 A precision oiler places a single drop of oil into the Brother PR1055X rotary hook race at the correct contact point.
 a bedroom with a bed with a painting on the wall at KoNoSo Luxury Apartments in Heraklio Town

* * *

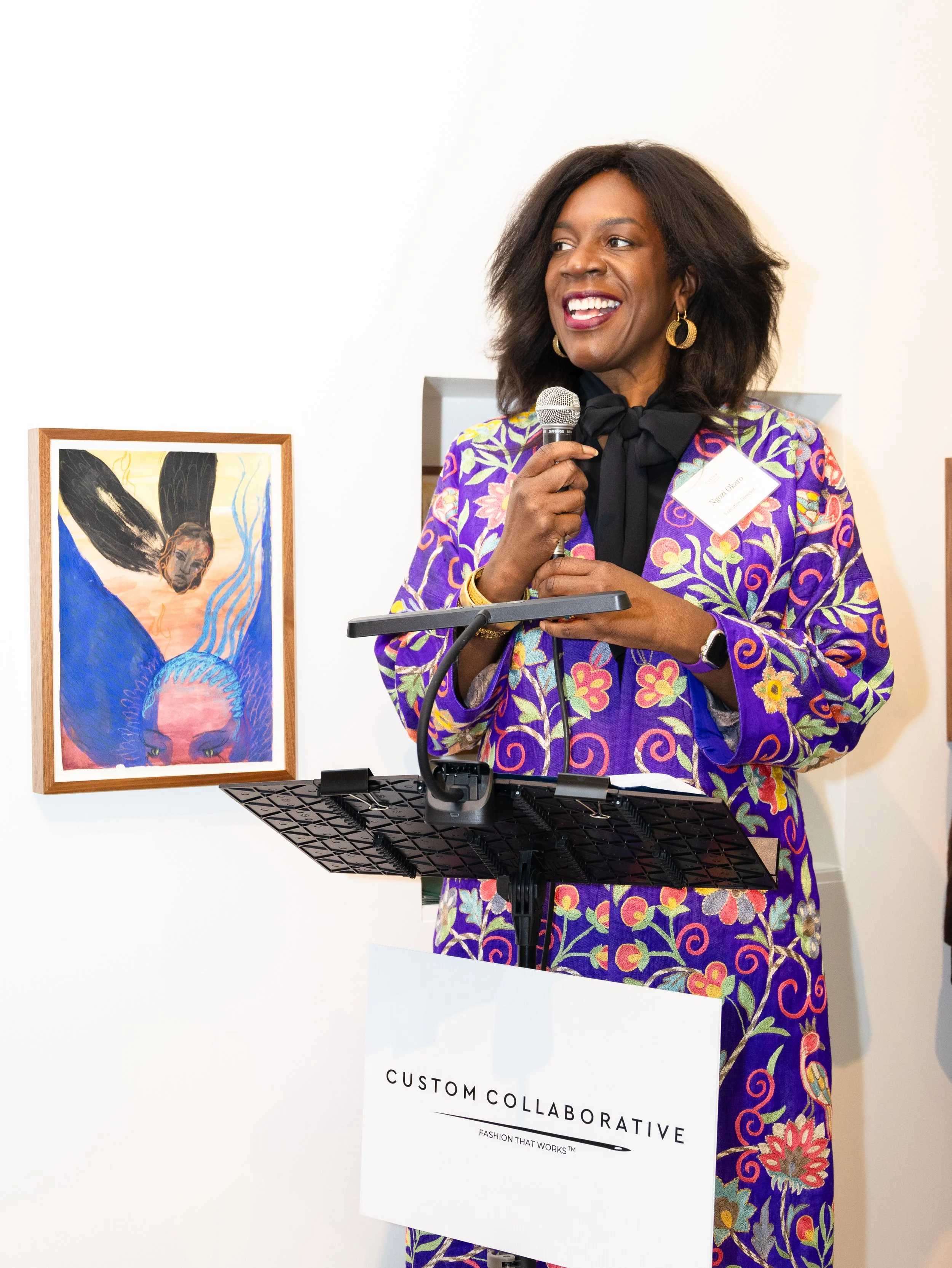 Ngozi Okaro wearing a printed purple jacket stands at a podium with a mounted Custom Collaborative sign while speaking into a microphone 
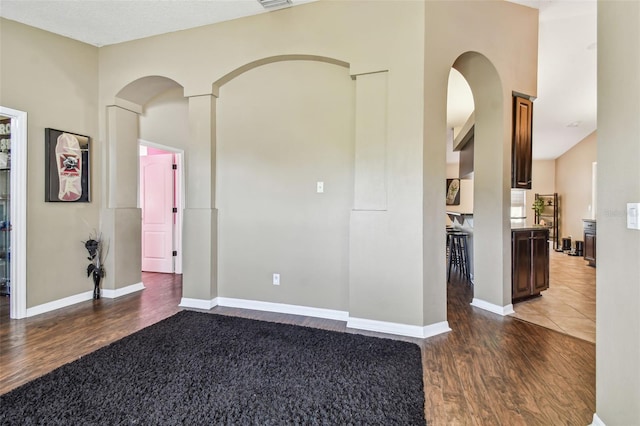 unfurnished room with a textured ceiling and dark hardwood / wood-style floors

_WORK INSTRUCTIONS_
Above this task is a listing. Restate, word for word and with nothing added, the lines from the one with "A precision oiler" through the one with "a bedroom with".

_ANSWER TO THE EXERCISE_
 A precision oiler places a single drop of oil into the Brother PR1055X rotary hook race at the correct contact point.
 a bedroom with a bed with a painting on the wall at KoNoSo Luxury Apartments in Heraklio Town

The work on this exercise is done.